The College of Creative Studies
Art Symposium Fall 2006
All lectures are at 5:00 in IV Theater II
Tuesday, 10/17
KIP FULBECK
Kip Fulbeck specializes in personal narrative, identity exploration, race/ethnicity
study, and pop-culture analysis. A filmmaker, photographer, writer, and performer,
he has exhibited in over 20 countries and throughout the U.S., including the
Whitney Museum of American Art Biennial, the Japanese American National Musuem,
the Singapore International Film Festival, the Bonn Videonale, and the Los
Angeles County Museum of Art. He is the author of Part Asian, 100% Hapa (Chronicle
Books, 2006) and Paper Bullets: A Fictional Autobiography (University of Washington
Press, 2001) and the director of a dozen short films including Banana Split,
Some Questions for 28 Kisses, and Lilo & Me. Fulbeck teaches as a Professor
of Art at UCSB and is currently producing a photography book entitled Permanence:
Tattoo Portraits by Kip Fulbeck to be published by Chronicle Books in 2008.
Tuesday, 10/24
JAKE JACOBSON
Throughout his 35 years as a professional photographer, printmaker and jazz
musician, Jake has been driven by his passions. In the mid-1960's he operated
a backyard print shop, producing rock concert posters that are now collectors'
items. During his career in advertising and editorial photography, he pioneered
many techniques for special effects photography and printmaking. He owned and
operated an award winning advertising agency and has contributed many photographic
assignments and essays to magazines around the world. His continuing passion
for photographing artists is evident by his extra-ordinary portraits and photographic
images. A graduate of Brooks Institute of Photography, Jake has taught photography
at UCLA and Cypress College. He is also a longtime practitioner and teacher
of Yoga, and a previous owner of the renowned Center for Yoga in Los Angeles.

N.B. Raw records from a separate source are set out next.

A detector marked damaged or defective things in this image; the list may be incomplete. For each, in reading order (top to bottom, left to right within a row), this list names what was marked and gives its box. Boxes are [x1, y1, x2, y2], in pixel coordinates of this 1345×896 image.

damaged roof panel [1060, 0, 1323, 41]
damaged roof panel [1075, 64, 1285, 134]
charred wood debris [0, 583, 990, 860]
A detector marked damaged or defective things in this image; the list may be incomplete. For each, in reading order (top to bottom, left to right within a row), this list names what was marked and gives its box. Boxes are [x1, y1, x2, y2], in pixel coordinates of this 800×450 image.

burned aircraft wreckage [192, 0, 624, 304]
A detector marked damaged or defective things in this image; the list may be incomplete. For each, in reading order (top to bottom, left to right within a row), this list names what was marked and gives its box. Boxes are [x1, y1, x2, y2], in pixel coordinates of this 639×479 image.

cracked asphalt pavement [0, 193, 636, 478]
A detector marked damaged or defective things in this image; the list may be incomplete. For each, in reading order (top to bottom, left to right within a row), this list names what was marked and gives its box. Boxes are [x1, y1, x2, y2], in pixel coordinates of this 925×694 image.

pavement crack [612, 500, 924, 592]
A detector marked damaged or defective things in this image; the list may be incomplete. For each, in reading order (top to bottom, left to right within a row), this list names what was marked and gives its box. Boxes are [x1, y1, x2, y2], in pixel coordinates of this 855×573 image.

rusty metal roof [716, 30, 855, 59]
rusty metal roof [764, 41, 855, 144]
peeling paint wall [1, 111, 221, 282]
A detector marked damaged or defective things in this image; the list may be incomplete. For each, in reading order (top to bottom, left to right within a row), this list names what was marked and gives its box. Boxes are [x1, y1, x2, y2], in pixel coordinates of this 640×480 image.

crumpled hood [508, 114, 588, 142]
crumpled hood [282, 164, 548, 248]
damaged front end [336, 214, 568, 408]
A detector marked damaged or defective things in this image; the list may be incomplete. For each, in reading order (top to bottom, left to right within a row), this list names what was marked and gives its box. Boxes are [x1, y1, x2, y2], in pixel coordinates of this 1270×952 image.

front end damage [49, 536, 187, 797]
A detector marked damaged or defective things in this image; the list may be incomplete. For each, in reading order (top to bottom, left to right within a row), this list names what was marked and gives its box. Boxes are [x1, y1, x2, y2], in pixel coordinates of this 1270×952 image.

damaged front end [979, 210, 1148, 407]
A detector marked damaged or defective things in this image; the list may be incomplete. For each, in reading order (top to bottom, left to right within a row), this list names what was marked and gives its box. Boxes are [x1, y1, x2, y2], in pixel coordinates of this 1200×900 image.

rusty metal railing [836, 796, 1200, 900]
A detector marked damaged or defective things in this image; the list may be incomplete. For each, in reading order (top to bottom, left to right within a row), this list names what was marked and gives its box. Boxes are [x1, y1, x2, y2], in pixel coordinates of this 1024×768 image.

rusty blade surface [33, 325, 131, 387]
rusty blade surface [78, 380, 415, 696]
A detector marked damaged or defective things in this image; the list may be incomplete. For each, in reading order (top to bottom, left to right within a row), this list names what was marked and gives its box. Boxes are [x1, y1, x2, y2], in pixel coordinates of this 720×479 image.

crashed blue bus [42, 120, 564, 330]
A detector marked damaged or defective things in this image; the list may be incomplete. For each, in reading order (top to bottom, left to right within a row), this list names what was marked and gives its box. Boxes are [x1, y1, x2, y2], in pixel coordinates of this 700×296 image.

Jake has completed his second-degree black belt in Kung Fu San Soo after years
of dedication and focus in the art.
Currently, Jake operates a state-of-the-art photography, printmaking and video
production studio in Santa Barbara, California. The labors of love so evident
in musical instrument making have always fascinated him; he has combined his
two greatest passions-photography and music-into a unique and monumental project.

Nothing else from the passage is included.